**Exercise objective**
Find the line containing "Climate control RENAULT" in the entries; transcribe it and all remaining lines through the end, exactly as they appear, but not the pictures.

**Supplied information**
☆ ☆ ☆ ☆

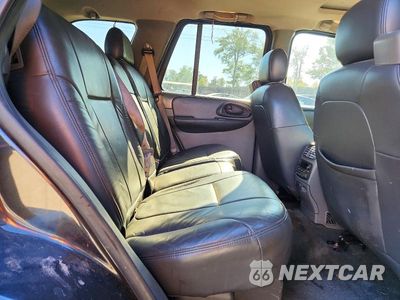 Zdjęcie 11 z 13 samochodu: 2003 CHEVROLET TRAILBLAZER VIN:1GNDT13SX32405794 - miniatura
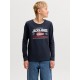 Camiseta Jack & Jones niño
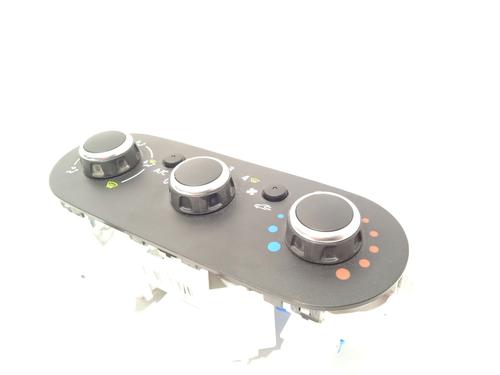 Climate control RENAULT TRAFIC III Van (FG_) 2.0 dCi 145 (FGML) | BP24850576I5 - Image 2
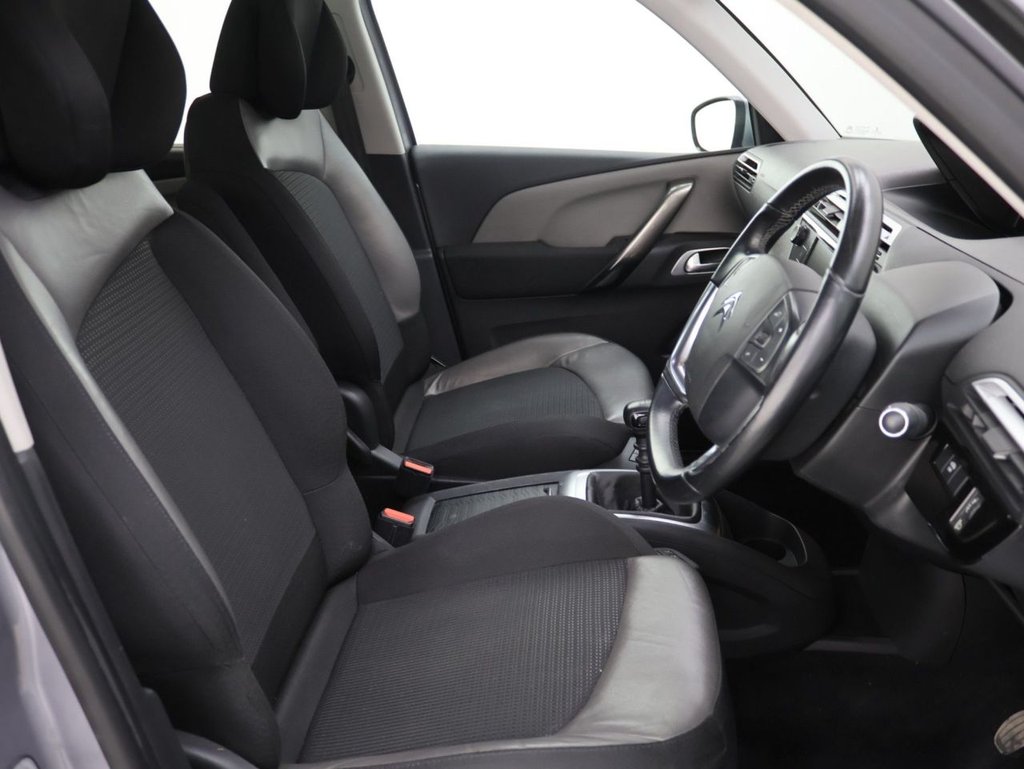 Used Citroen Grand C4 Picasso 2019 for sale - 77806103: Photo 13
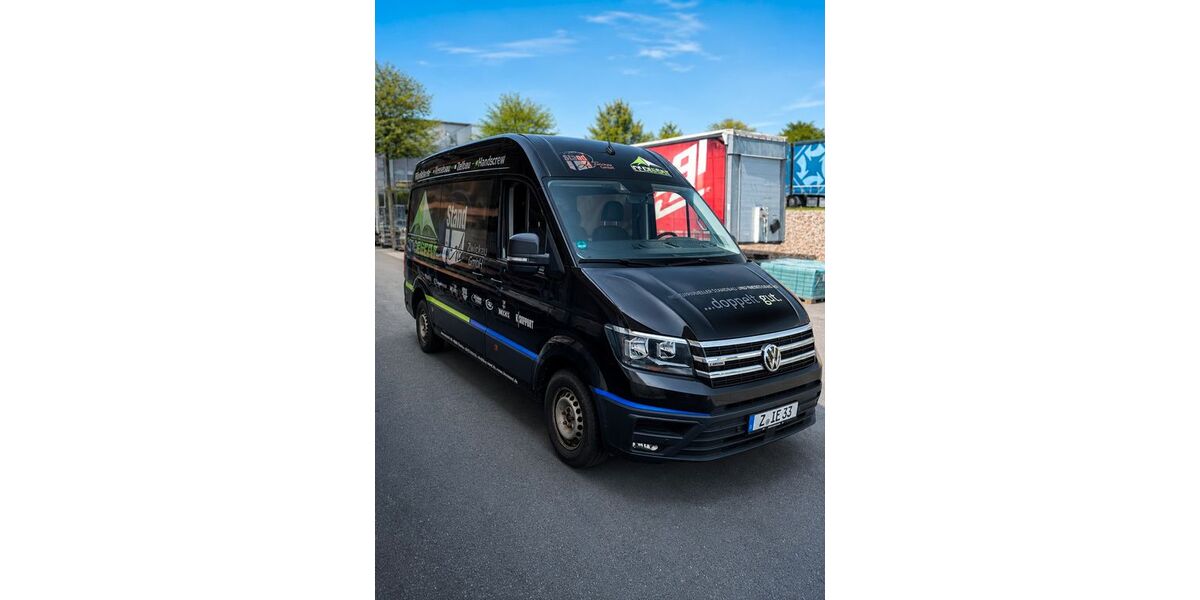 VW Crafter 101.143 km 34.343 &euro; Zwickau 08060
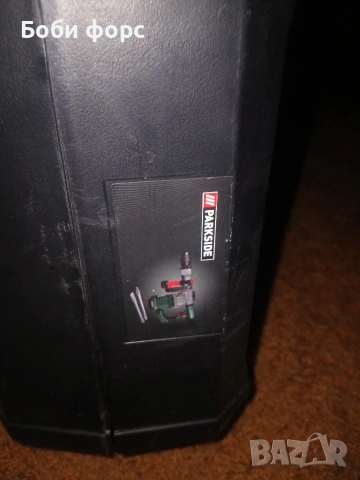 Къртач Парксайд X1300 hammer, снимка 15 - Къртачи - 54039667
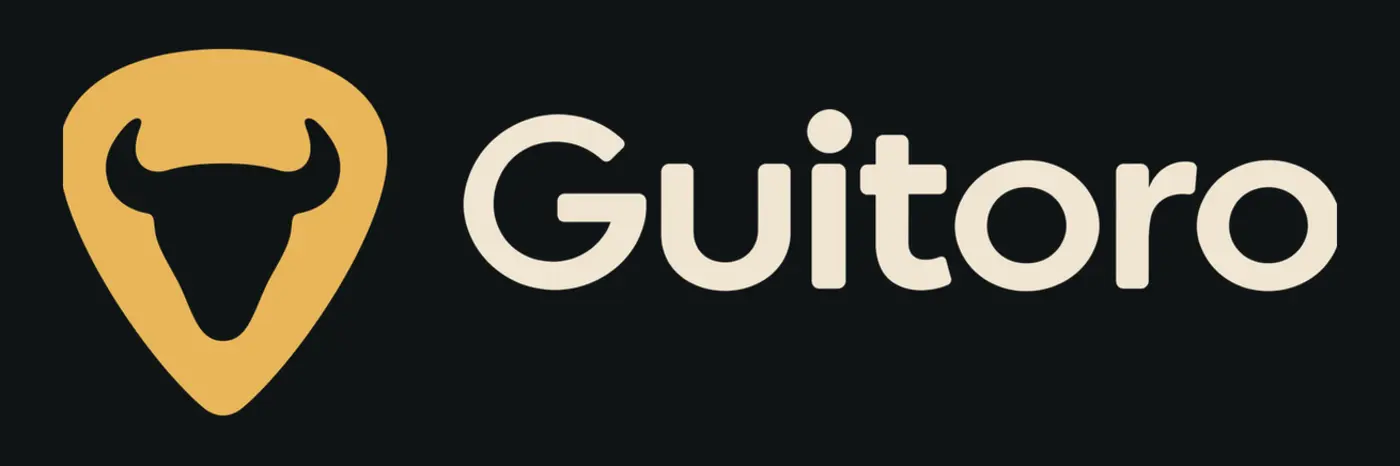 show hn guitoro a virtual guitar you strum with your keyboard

☆ ☆ ☆ ☆

**Answer for the task**
 Climate control RENAULT TRAFIC III Van (FG_) 2.0 dCi 145 (FGML) | BP24850576I5 - Image 2
 Used Citroen Grand C4 Picasso 2019 for sale - 77806103: Photo 13
 VW Crafter 101.143 km 34.343 &euro; Zwickau 08060
 Къртач Парксайд X1300 hammer, снимка 15 - Къртачи - 54039667
 show hn guitoro a virtual guitar you strum with your keyboard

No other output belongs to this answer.